Dujardin-Beaumetz held that the phenomena were vaso-motor. The red lines traced readily admit of this explanation. The white space in relief, however, was not so easily explained. He had observed among hysterical women, under the influence of pressure, irritation, or the application of magnets, the appearance of patches of urticaria. One of the common tricks of the Spiritualists is to have the name of a spirit that has been called up appear upon the bared arm of the medium. Among friends and private patients, and among the hysterical patients in the wards of the Philadelphia Hospital, I have successfully performed experiments similar to those reported by Dujardin-Beaumetz. Such phenomena are by no means confined to cases of hysteria. One of my most striking successes in an attempt at skin-writing was in the case of a male physician of a peculiarly clear and pale complexion.
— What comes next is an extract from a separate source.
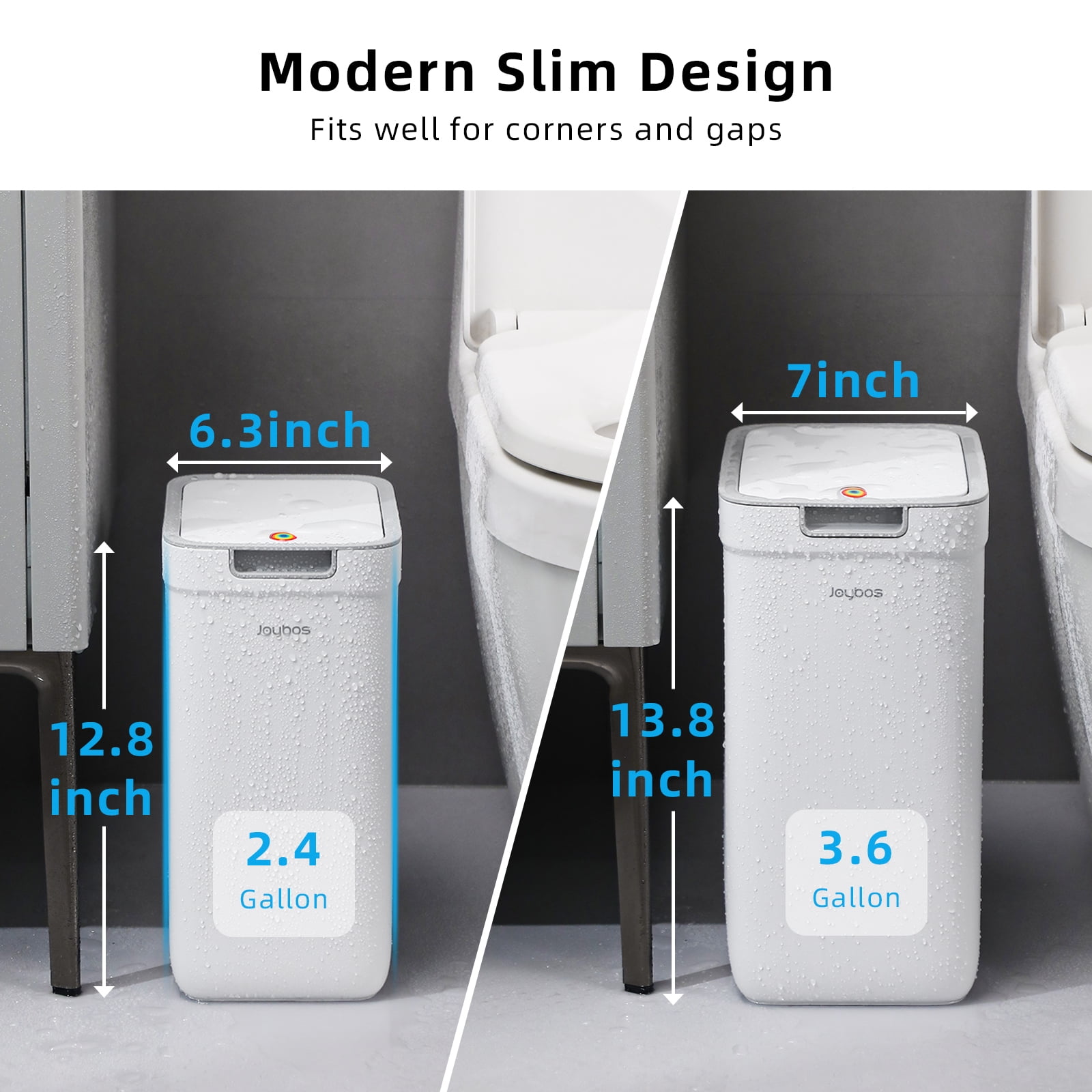 2 Pack Bathroom plastic Trash Can with Lid, 3.6Gal + 2.4Gal Garbage Can with Pop-Up Lid, Small Trash Can Dog Proof, Slim Trash Bin Waste Basket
Certain peculiar conditions of the skin will allow this to be done with facility. The similarity of this class of phenomena to that of the stigmata will at once appear evident. Such phenomena occur among the hysterical with a tendency to vaso-motor deficiency of control.
Fasting Saints and Fasting Girls.
The wonderful saints who starved themselves or lived on sacramental bread are almost a multitude. Saint Joseph, Saint Catherine of Sienna, Saint Rose of Lima, Saint Collete, Saint Peter of Alcantara are of the number. In modern and even in recent times not a few of these cases have become widely known. Margaret Weiss, about whom a book was written in 1542, is said to have done without food and drink for three years. She suffered from pains and contractures. She passed neither urine nor feces; at least, such are the accounts which have come down to us.
Sarah Jacob, the Welsh fasting girl, has shared with Louise Lateau popular and medical notoriety. When about ten years old she suffered from various hysterical and hystero-epileptic symptoms. The quantity of food she took gradually dwindled; on October 10, 1867, it was said that she ceased to take any food whatever, and so continued till the day of her death, more than two years later. She had many visitors, pilgrims from far and near, who often left money or gifts. The vicar of her neighborhood came to believe in her, and an investigation was suggested. At one investigation, not very rigidly conducted, nothing was discovered. After a time she was visited by Fowler of London, who decided that the case was one of hysteria with simulation, probably associated with the power or habit of long fasting. Trained nurses were sent from Guy's Hospital to conduct the second watching. Under the watching the girl died, starved to death. The father was afterward condemned to imprisonment and hard labor for twelve months, the mother for six months. In Brooklyn a few years since one Molly Fancher, a similar case, attracted much attention, and was written about and commented upon by the press.
NEURASTHENIA.
BY H. C. WOOD, M.D.
INTRODUCTION.—The term neurasthenia, signifying nervous weakness, and not rarely paraphrased by nervous exhaustion, indicates by its very derivation that it denotes not a distinct disease, but a condition of the body. The relations of the nervous system to the functions of organic and animal life are so intimate that almost all forms of exhaustion might well be discussed under the present heading. A further difficulty in attempting to decide the exact limitations of this article is to be found in the fact that hysteria, insanity, chorea, and various other nervous diseases are very closely connected with nervous exhaustion. Indeed, many of the cases which are considered by authorities as instances of neurasthenia would be more appropriately classed with one or other of the especial diseases. Thus, the nervous fears discussed in such detail by George M. Beard in his work upon neurasthenia plainly belong with the monomaniacal insanities, and, although they usually are associated with nervous depression, may coexist with great physical and mental power.